Reputation: 147
I have two data frames df1 and df2:
group=c("Group 1", "Group 2", "Group3","Group 1", "Group 2", "Group3")
year=c("2000","2000","2000", "2015", "2015", "2015")
items=c("12", "10", "15", "5", "10", "7")
df1=data.frame(group, year, items)
year=c("2000", "2015")
items=c("37", "22")
df2=data.frame(year,items)
df1 contains the number of items per year and separated by group, and df2 contains the total number of items per year
I'm trying to create a for loop that will calculate the proportion of items for each group type.

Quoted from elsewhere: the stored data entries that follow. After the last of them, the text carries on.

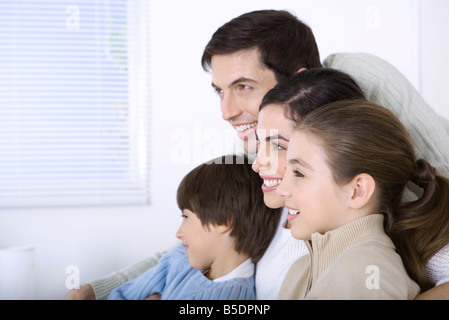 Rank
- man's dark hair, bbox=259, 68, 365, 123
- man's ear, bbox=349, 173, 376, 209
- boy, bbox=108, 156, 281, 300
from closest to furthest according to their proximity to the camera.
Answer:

I'm trying to do something like:
df1$Prop="" #create empty column called Prop in df1
for(i in 1:nrow(df1)){
df1$Prop[i]=df1$items/df2$items[df2$year==df1$year[i]]
}
where the loop is supposed to get the proportion for each type of item (by getting the value from df1 and dividing by the total in df2) and list it in a new column but this code isn't working.
Upvotes: 5
Views: 2720
Reputation: 4472
dplyr
equivalent to David's data.table
solution
library(dplyr)
df1$items = as.integer(as.vector(df1$items))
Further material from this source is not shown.